Tuttolibri, 6 maggio 2023
Su "Questi sono i 50. La fine dell’età adulta" di Guia Soncini (Marsilio)
«La nostalgia è l’unica invenzione di cui possano fregiarsi quelli della mia età, e l’unica eredità che lasceremo ai nostri pargoli (assieme al crollo del sistema pensionistico)». L’ultimo libro di Guia Soncini, Questi sono i 50. La fine dell’età adulta pubblicato da Marsilio, è un trattato di antropologia che si serve di tic linguistici e trame di superficie per identificare una generazione. La sua, appunto, quella di chi è nato senza cellulare e se voleva rivedere un film che aveva perso al cinema doveva aspettare che passasse in televisione.
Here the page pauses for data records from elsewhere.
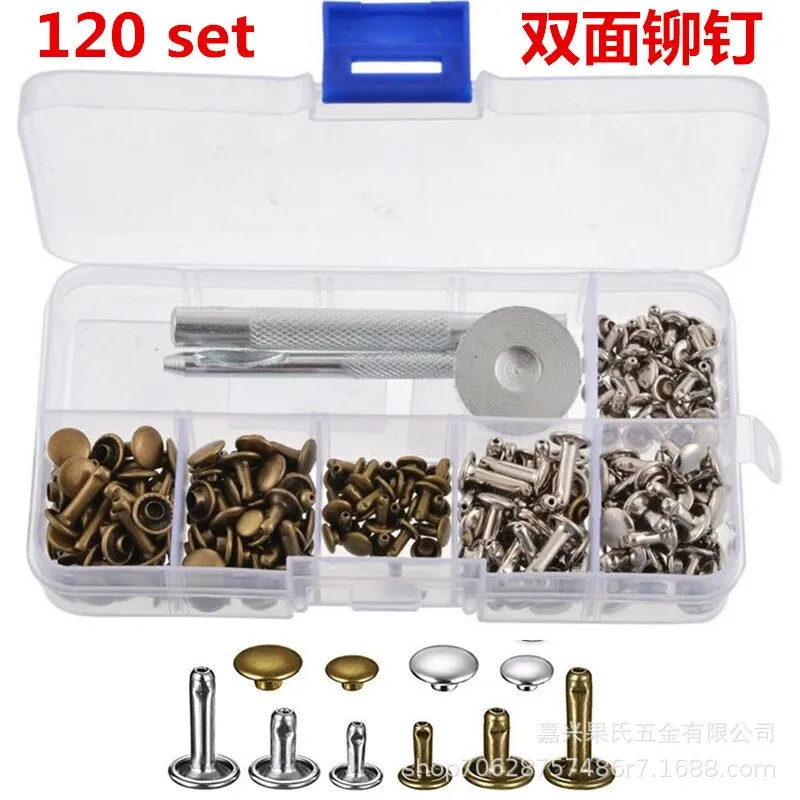 480 Pcs Metal Double Cap Rivets Studs Round Rivet for DIY Leather Craft Bag Belt Clothing Garment Shoes Pet Collar Fixing Tools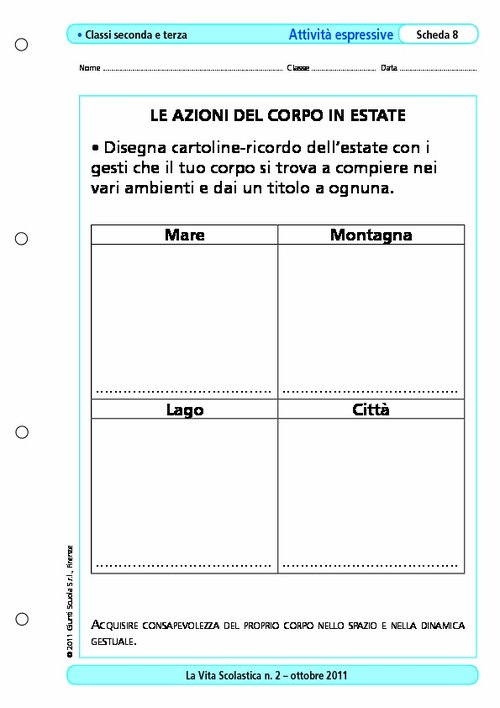 Le azioni del corpo in estate | Giunti Scuola Le azioni del corpo in estate | Giunti Scuola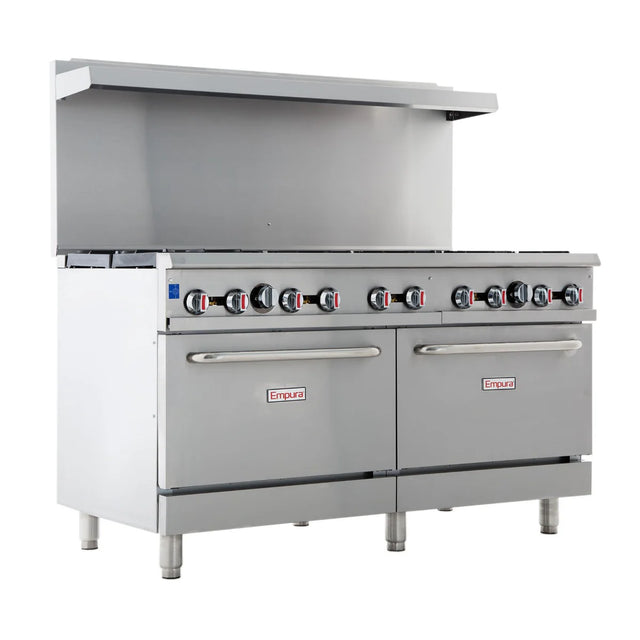 A large Empura commercial kitchen range features eight stovetop burners, a liquid propane oven with two ovens below, control knobs above each oven, and a backsplash with a high shelf. The brand name is displayed on both oven doors.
Impropriamente chiamati boomer, i cinquantenni hanno passato infanzia e adolescenza senza l’on demand, cioè quel dispositivo applicabile a quasi tutto per cui ogni voglia può essere soddisfatta nel momento esatto in cui si manifesta. Bene? Male? Chi se ne frega. Di certo essere quelli che hanno conosciuto il mondo prima di internet fa dei cinquantenni un gruppo sociale in estinzione, i cui comportamenti vale la pena di studiare come si fa con quelle tribù dell’Amazzonia che non hanno mai avuto contatti con la civiltà.
Cosa è successo quando la civiltà/internet è arrivata? Un disastro, una apocalisse delle strutture private e sociali. Al quale l’individuo/indigeno ha reagito con una regressione emotiva e anagrafica che lo ha ridotto a un adolescente insicuro. Che per sopravvivere in un mondo del quale mima i gesti e i gusti senza comprenderli davvero, ha inventato la nostalgia. Cioè il continuo ricorso a canzoni, canzoncine, abiti, abitudini che lo riportano a quando adolescente era davvero, e il mondo era così analogico da permetterci di scomparire per giorni anche dal radar dei genitori. Questi siamo noi, dice Soncini, cresciuti in un tempo nel quale tutto costava molto di più, dalle tariffe telefoniche ai voli aerei, per non parlare di cinema e musica che oggi sono praticamente gratuiti. Ma incapaci di dare una risposta sensata a chi, adesso, ci accusa di aver loro consegnato un mondo inaffrontabile, di aver sperperato tutto quello che avrebbe dovuto servire a costruire il loro futuro. Vero? Falso? Chi se ne frega.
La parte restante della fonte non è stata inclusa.